Maxi Trusso (born 31 July 1970) is an Argentine singer-songwriter, noted for his distinctive voice. His vocal range is tenor.

Career

Early days

Maxi Trusso started his first steps in music at St. George's College, Argentina, were a group of senior students (Esteban Artica, Giovanni Miano Macadam and Anthony Macadam) motivated him to give his first ‘a capella’ shows in their school freetime in the early 80s.

During the 90s while living in England. During that time he started working in fashion industry, music, participating in projects and theater plays with European writers.

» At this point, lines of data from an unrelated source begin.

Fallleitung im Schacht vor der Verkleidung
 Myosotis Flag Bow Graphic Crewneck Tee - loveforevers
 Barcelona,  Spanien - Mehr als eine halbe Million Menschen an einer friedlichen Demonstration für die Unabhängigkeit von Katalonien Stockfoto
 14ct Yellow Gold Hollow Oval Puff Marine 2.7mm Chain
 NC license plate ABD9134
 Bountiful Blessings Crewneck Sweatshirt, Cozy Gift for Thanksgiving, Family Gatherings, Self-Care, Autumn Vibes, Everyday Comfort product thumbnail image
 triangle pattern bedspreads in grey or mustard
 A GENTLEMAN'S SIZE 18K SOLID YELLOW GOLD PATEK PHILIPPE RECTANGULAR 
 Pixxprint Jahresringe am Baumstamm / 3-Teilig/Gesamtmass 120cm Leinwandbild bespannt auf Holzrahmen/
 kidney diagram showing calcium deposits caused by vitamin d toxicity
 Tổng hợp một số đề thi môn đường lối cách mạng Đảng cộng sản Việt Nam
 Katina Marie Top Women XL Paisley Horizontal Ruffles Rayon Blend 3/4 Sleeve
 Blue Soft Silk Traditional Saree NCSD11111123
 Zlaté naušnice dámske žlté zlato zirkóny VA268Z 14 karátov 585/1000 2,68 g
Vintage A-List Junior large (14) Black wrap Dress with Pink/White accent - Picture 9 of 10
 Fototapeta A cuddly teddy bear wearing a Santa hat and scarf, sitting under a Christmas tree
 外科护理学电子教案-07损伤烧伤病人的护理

Later, he moved to Italy and formed an electro-pop group called "Roy Vedas" with an Italian artist and edited his first discographic work under the English label Mercury Records. His first hit was a retro-futuristic styled single called "Fragments of life", which reached one of the first places on the Top of the Pops chart. The British magazine The Face chose it as one of the best three tracks of the decade.

With Roy Vedas, he played in different European countries, such as Greece, Denmark and Sweden. They also played as supporting act for The Rolling Stones gigs in Turkey.

Solo career

Back in Argentina, after gaining recognition as a solo artist, he decided to record a classic rock album with folk influences with help of Fernando Goín. His first solo work was titled Leave me and cry and published by label Acqua Records.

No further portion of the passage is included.